Sobre eles, diz pitorescamente o pintor: 
– “No quadro de honra, estão os nomes dos que são meus amigos e Mecenas de verdade, e que vão figurar na história da arte (sic) per secula seculorum, amém”. 
A lista não é grande: dr. Lourival Gomes Machado, João Cruz Costa, dr. Paulo Mendes de Almeida, Procópio Davidoff, Benedito Lacorte Peretto, Luiz Ernesto – jornalista – dr. Nivaldo CArrazzone, dr. Carlos Pinto Alves, dr. Theon Spanudis, dr. Coimbra, dr. Euphly Jales e major Léo Lerro. Museusinho e Simeão 
Muitas vezes, à porta do museu do Silva param carros de luxo. É gente de fora, de São Paulo, que chegou para ver as obras do artista. Silva continua morando – com mulher e os filhos – nas salas do fundo. 
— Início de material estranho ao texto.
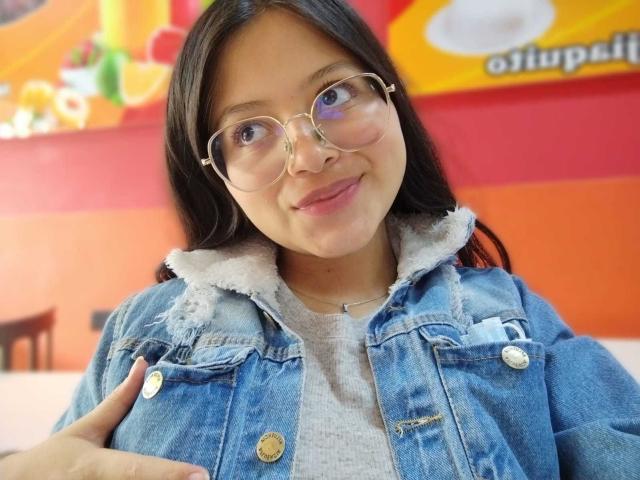 AnittaRouses with long black hair, wearing gold-rimmed glasses and a frayed denim jacket over a white shirt, smiling slightly. Background features bright red and orange colors. Casual, confident pose.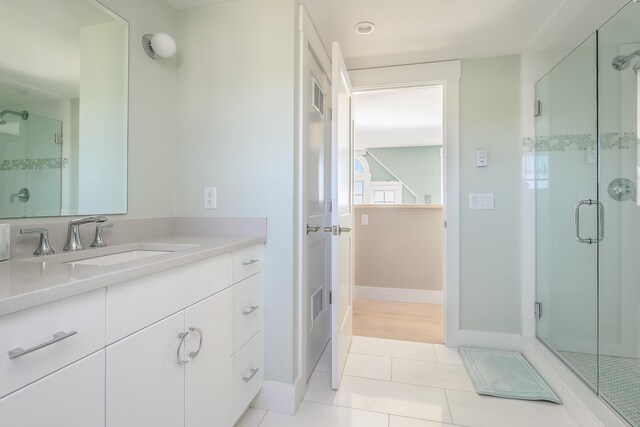 bathroom with vanity, a shower with shower door, and tile patterned floors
E já se acostumou com tanta agitação. Quando não está em casa (museu) é encontrado na Prefeitura, onde tem emprego modesto. Tem lutado com dificuldades. E tem vencido. Quer saber porque o Simeão Leal não cumpriu uma promessa: a de ver no Ministério onde estão os dólares (200) que ganhou na Bienal de Havana. É um esquecimento. Silva não se importa: 
 – “Vou ficando por aqui, no meu museusinho tão bonito e tão amável e que mostra o Brasil tão sofrido”. 
 O meu museu é do povo. Porque a arte (sua) também é. 

Este artigo foi publicado no jornal “Tribuna da Imprensa”, Rio de Janeiro, em 1954.